Tudo começou em conversas de Eliana com uma tia-avó que tem esquizofrenia. “Ela tem muita memória da infância, não só de coisas que aconteceram com ela, mas também que contavam a ela. Fui pedir ajuda a dois pesquisadores do Recôncavo Baiano, e eles disseram: ‘A sua tia se lembra. Para de questionar e absorve.’ Comecei a revelar arquivos de Salvador, do Recôncavo. Achei agulhas no palheiro. Quando mostrei a história toda para meus parentes, eles não acreditaram, ficaram impressionados. E gratos”, lembra-se. “Foi um resgate muito grande. Conheci familiares na Bahia dos quais não tinha ideia. O que a diáspora separa a ancestralidade reúne. Remontei sete gerações da minha família”, comemora. Para celebrar, recriaram a festa que havia acontecido nos 100 anos de sua bisavó, em 1988 (por sinal, também centenário da Abolição da Escravatura), com todos vestidos de branco.
Até então, Eliana, que é jornalista e por anos cobriu a área esportiva, não se imaginava escritora. “Isso é fruto de nosso racismo institucional. Quantas autoras negras publicaram no Brasil? Você conta todas nos dedos das mãos. Você não se vê nesse lugar nunca. Não passava pela minha cabeça. Eu trabalhava alucinadamente — tenho dois filhos para criar, aquela coisa de mãe solo. Em 2010, comecei a pesquisar a história de um ramo da minha família. Foi uma vontade da vida inteira pesquisar aquela história, era uma coisa que me instigava, a relação da minha família com outras. Foram cinco anos de pesquisa. Como não sou acadêmica, foi penoso no início. Mas depois encontrei um método. Fui entrevistando pessoas da minha família, pesquisando, reescrevendo. Quando veio o concurso, pensei: ‘Esse é o meu lugar.’. Eu me descobri”, conta ela, que publicou seu primeiro livro aos 50 anos (hoje está com 52).

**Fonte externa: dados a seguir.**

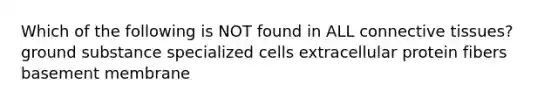 Which of the following is NOT found in ALL <a href='https://www.questionai.com/knowledge/kYDr0DHyc8-connective-tissue' class='anchor-knowledge'>connective tissue</a>s? ground substance specialized cells extracellular protein fibers basement membrane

Por isso, ela reafirma a importância de uma literatura com um recorte afro-brasileiro. “Eu sou uma mulher negra, essa é a minha experiência, minha visão de mundo. Que os leitores negros reconheçam na sua história uma potência, e não apenas aquela coisa degradante que a gente aprende na escola. Existe todo um continente com uma história. É para que os negros sintam orgulho de suas raízes. E que os leitores brancos pensem que isso também faz parte deles, porque faz parte da história do país, vejam que existem outros pontos de vista, vejam o que nos formou. O meu pai sempre fala: ‘Quem estuda Latim sabe melhor Português.’ Quando você sabe suas origens, a raiz dos seus problemas, sabe responder melhor a eles”, defende Eliana.